Whole Wheat Citrus Shortbread Cookies

These delicious melt in your mouth cookies with a subtle orange flavor will serve as your perfect teatime snack ! This recipe is adapted from the Food Network Kitchen: http://www.foodnetwork.com/recipes/food-network-kitchens/citrus-shortbreads-recipe.html. I used wheat flour instead of all purpose flour and refrigerated the dough for an hour before making the cookie. I baked all the cookies at once using 2 cookie sheets. I followed the tips from Food52:  http://food52.com/blog/9216-how-to-make-a-zillion-cookies-in-1-oven-with-2-cookie-sheets

Makes: Around 30-35 cookies


  • Orange zest from 2 large oranges or 3 small oranges
  • 3/4 cup sugar
  • 3 cups wheat flour ( I used Ashirwad Atta for wheat flour)
  • 6 tbsp cornstarch
  • 1/4 tsp salt
  • A pinch of cardamom powder
  • 3/4 pound unsalted butter


  • Place the butter outside for 15-20 minutes so that it reaches a room temperature. The butter should not melt, we just want it to reach a room temperature so that it blends well with the batter
  • I used two cookie trays and baked the cookies all at once (Detailed instructions follow in the steps below). You can bake one sheet at a time or use 2 cookie sheets. Line the cookie tray (or 2 cookie trays) with parchment paper, grease it with butter and dust it with a little flour
  • Preheat the oven to 350 degrees Fahrenheit
  • Grate the skin off the oranges and kept the zest aside
  • Grind the orange zest with 1/4 cup sugar in a mixer or blender and keep aside
  • Beat sugar and butter until frothy. Scrape down the sides of the bowl to prevent any sugar remaining in the bowl which is not incorporated. Add the orange zest mixture, cardamom powder and mix well
  • Add the dry ingredients – wheat flour and cornstarch and mix well until the dough starts to come together . At this stage, use a folding in movement, i.e. mix well in one direction so that there are no air bubbles formed
  • Wrap the dough in a plastic wrap and refrigerate for an hour
  • After an hour, take the dough and press and flatten the dough with your hands to smooth and even out the dough. If the dough appears tough, you can knead the dough again in your food processor or stand mixer, until smooth
  • Cut the dough into 3×1 inch rectangles using a knife or a finger shape cutter. If you use a knife, smooth the edges of the cookie using your fingers
  • Prick each cookie evenly using a fork and place on a cookie sheet lined with parchment paper.

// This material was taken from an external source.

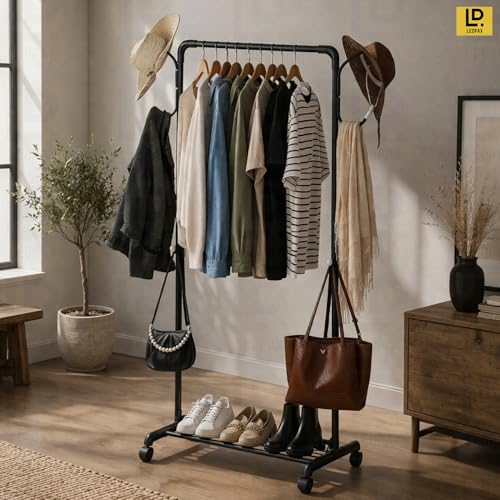Image of LEOPAX Multipurpose Tree Coat Hanger Stand with Cloth Rail and Hooks, Durable Clothes Rack Organizer for Hanging Clothes, Bags and Accessories for Home, Living Room and Bedroom - Black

If using two cookie sheets, place the cookies on the second cookie sheet as well
  • Bake at 350 degrees Fahrenheit for little more than an hour or until the cookies are golden brown. When using 2 cookie sheets, position a rack in the upper and lower thirds of the oven (assuming a regular, non-convection oven). Place one cookie tray in the upper rack and place the second cookie tray after 5-7 minutes. Rotate the pans from top to bottom and front to back after around 30 minutes. The cookies in the first tray will be ready after about an hour, and the second cookie tray will be ready 5 minutes later
  • Allow the cookies to cool on a cooling rack for a sufficient time
  • Once cooled store in an air tight container

Enjoy the cookies with your tea 🙂


2 thoughts on “Whole Wheat Citrus Shortbread Cookies

  1. The cookies are so delicious. I was lucky enough to eat them . They are out of this world. Great recipe. They really will melt in your mouth.